Europe’s switch to post-subsidy solar will require an industry-wide effort to ensure success, according to Huawei.
As support continues to wind down and an EU-backed switch to competitive bidding expands, developers and investors are under increased pressure to ensure all elements of a project are fully optimised, from site selection, system, design and execution.
Alison Finch, CMO at Huawei’s Smart PV Business Europe, told PV Tech the entire value chain will need to work together.
“We will enter new markets in lock-step with our customers. They know best how to make the most of a piece of land, a situation and the market itself,” said Finch. “I don't think anyone's going to make post-subsidy solar flourish all on their own. I don't think there's going to be some really clever breakthrough piece of technology that's going to suddenly make the prices shoot down, or that there's some magic financial model that makes all the difference. Everyone's going to have to work together to get there. We'll be part of that.
“Huawei’s Smart PV Solutions are constantly evolving and we make substantial investment in R&D every year, resulting in technology innovations that can drive down costs and move our customers closer to grid parity,” she added.
The inverter market has become increasingly competitive in recent years as a number of Asian manufacturers have grabbed market share. To retain its own top position in the UK and globally, Finch said Huawei is already planning for post-subsidy solar.
“If we're going to retain the position we have, we're going to have to work really hard with our key partners, our quality customers, to do some very deep technical workshops to find how we can get the cost of systems down so that we can offer something post-subsidy, because otherwise there's going to be this hiatus,” she said.

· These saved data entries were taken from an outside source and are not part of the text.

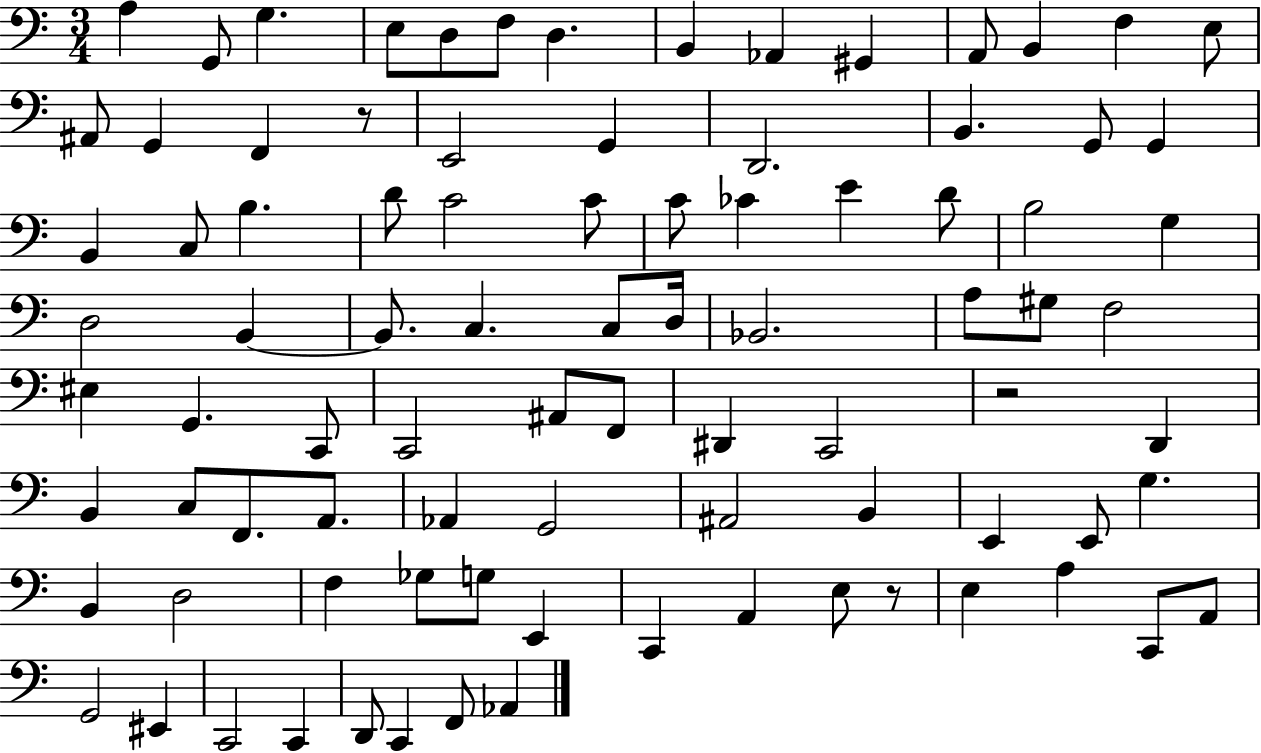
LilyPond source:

{
  \clef bass
  \numericTimeSignature
  \time 3/4
  \key c \major
  a4 g,8 g4. | e8 d8 f8 d4. | b,4 aes,4 gis,4 | a,8 b,4 f4 e8 | \break ais,8 g,4 f,4 r8 | e,2 g,4 | d,2. | b,4. g,8 g,4 | \break b,4 c8 b4. | d'8 c'2 c'8 | c'8 ces'4 e'4 d'8 | b2 g4 | \break d2 b,4~~ | b,8. c4. c8 d16 | bes,2. | a8 gis8 f2 | \break eis4 g,4. c,8 | c,2 ais,8 f,8 | dis,4 c,2 | r2 d,4 | \break b,4 c8 f,8. a,8. | aes,4 g,2 | ais,2 b,4 | e,4 e,8 g4. | \break b,4 d2 | f4 ges8 g8 e,4 | c,4 a,4 e8 r8 | e4 a4 c,8 a,8 | \break g,2 eis,4 | c,2 c,4 | d,8 c,4 f,8 aes,4 | \bar "|."
}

Finch said that, while UK solar is still able to benefit from a reduced rate of support from the renewable obligation scheme, even that support is “finite”.

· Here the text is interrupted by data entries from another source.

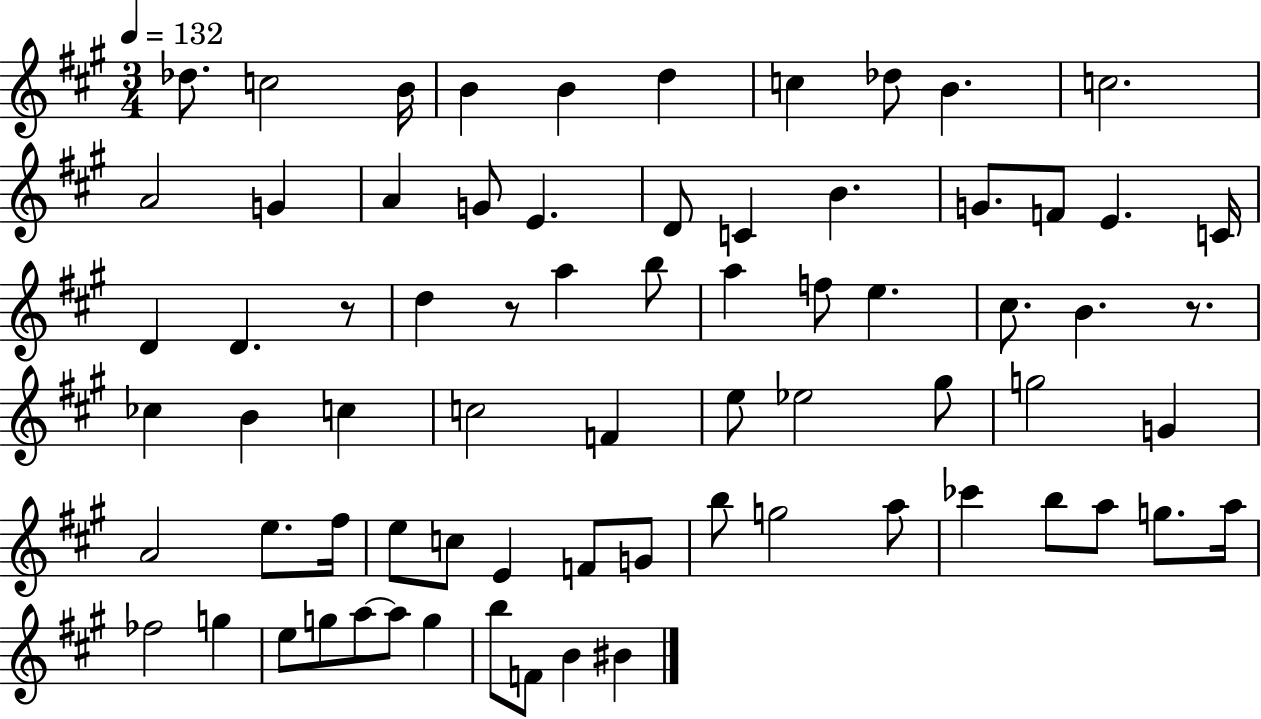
X:1
T:Untitled
M:3/4
L:1/4
K:A
_d/2 c2 B/4 B B d c _d/2 B c2 A2 G A G/2 E D/2 C B G/2 F/2 E C/4 D D z/2 d z/2 a b/2 a f/2 e ^c/2 B z/2 _c B c c2 F e/2 _e2 ^g/2 g2 G A2 e/2 ^f/4 e/2 c/2 E F/2 G/2 b/2 g2 a/2 _c' b/2 a/2 g/2 a/4 _f2 g e/2 g/2 a/2 a/2 g b/2 F/2 B ^B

“After that, if we don't have a post-subsidy solution then we're in a hiatus for a while. We have to really look into those systems and see how do we make a system easier to install with fewer component parts, for example. And because we can throw good quality resource at that, we’re optimistic that we’ll find a solution, as is expected of a Tier 1 manufacturer. If we don't come up with that solution, the argument is that we don't deserve to be number one,” she added.